Object Detection Inference in Python with YOLOv5 and PyTorch

Introduction

Object detection is a large field in computer vision, and one of the more important applications of computer vision "in the wild". On one end, it can be used to build autonomous systems that navigate agents through environments - be it robots performing tasks or self-driving cars, but this requires intersection with other fields. However, anomaly detection (such as defective products on a line), locating objects within images, facial detection and various other applications of object detection can be done without intersecting other fields.

Advice This short guide is based on a small part of a much larger lesson on object detection belonging to our "Practical Deep Learning for Computer Vision with Python" course.

Object detection isn't as standardized as image classification, mainly because most of the new developments are typically done by individual researchers, maintainers and developers, rather than large libraries and frameworks. It's difficult to package the necessary utility scripts in a framework like TensorFlow or PyTorch and maintain the API guidelines that guided the development so far.

This makes object detection somewhat more complex, typically more verbose (but not always), and less approachable than image classification. One of the major benefits of being in an ecosystem is that it provides you with a way to not search for useful information on good practices, tools and approaches to use. With object detection - most people have to do way more research on the landscape of the field to get a good grip.

Fortunately for the masses - Ultralytics has developed a simple, very powerful and beautiful object detection API around their YOLOv5 implementation.

In this short guide, we'll be performing Object Detection in Python, with YOLOv5 built by Ultralytics in PyTorch, using a set of pre-trained weights trained on MS COCO.

YOLOv5

YOLO (You Only Look Once) is a methodology, as well as a family of models built for object detection. Since the inception in 2015, YOLOv1, YOLOv2 (YOLO9000) and YOLOv3 have been proposed by the same author(s) - and the deep learning community continued with open-sourced advancements in the continuing years.
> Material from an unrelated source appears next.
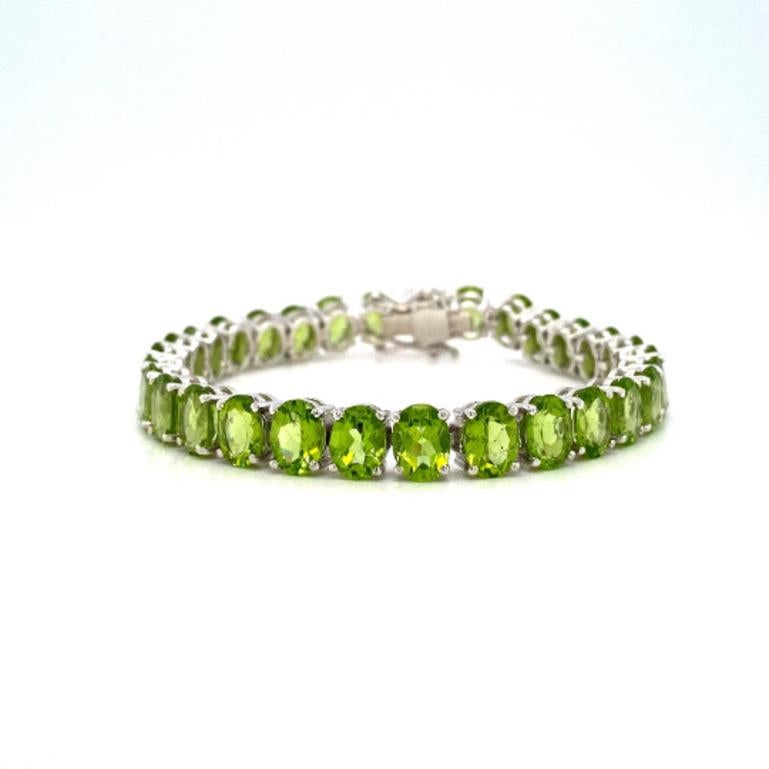 Oval Cut 42 Carat Green Peridot August Birthstone Tennis Bracelet in 925 Silver for Women For Sale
Ultralytics' YOLOv5 is the first large-scale implementation of YOLO in PyTorch, which made it more accessible than ever before, but the main reason YOLOv5 has gained such a foothold is also the beautifully simple and powerful API built around it. The project abstracts away the unnecessary details, while allowing customizability, practically all usable export formats, and employs amazing practices that make the entire project both efficient and as optimal as it can be. Truly, it's an example of the beauty of open source software implementation, and how it powers the world we live in.
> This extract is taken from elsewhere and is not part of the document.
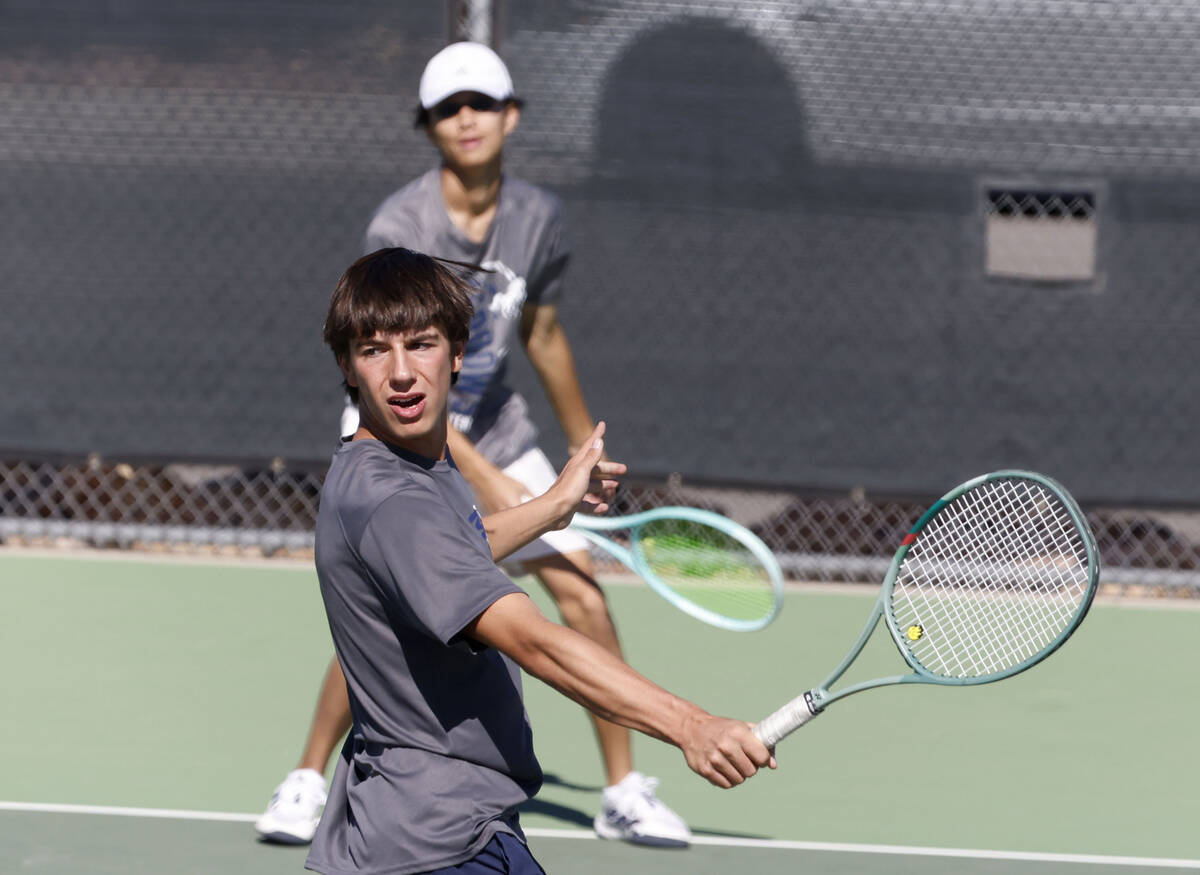 The Meadows Matt Maddox, front, watches his return as his tennis partner Steven Tian looks on d ...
The project provides pre-trained weights on MS COCO, a staple dataset on objects in context, which can be used to both benchmark and build general object detection systems - but most importantly, can be used to transfer general knowledge of objects in context to custom datasets.

Advice: If you'd like to learn more about the YOLO method, as well as competitive methods such as SSDs (Single-Shot Detectors) and the two-stage detector camp including Faster R-CNN and retina net - our course lesson on "Object Detection and Segmentation - R-CNNs, RetinaNet, SSD, YOLO"!

Object Detection with YOLOv5

Before moving forward, make sure you have torch and torchvision installed:

! python -m pip install torch torchvision

YOLOv5's got detailed, no-nonsense documentation and a beautifully simple API, as shown on the repo itself, and in the following example:

import torch
# Loading in yolov5s - you can switch to larger models such as yolov5m or yolov5l, or smaller such as yolov5n
model = torch.hub.load('ultralytics/yolov5', 'yolov5s')
img = 'https://i.ytimg.com/vi/q71MCWAEfL8/maxresdefault.jpg'  # or file, Path, PIL, OpenCV, numpy, list
results = model(img)
fig, ax = plt.subplots(figsize=(16, 12))
ax.imshow(results.render()[0])
plt.show()

The second argument of the hub.load() method specifies the weights we'd like to use. By choosing anywhere between yolov5n to yolov5l6 - we're loading in the MS COCO pre-trained weights. For custom models:

model = torch.hub.load('ultralytics/yolov5', 'custom', path='path_to_weights.pt')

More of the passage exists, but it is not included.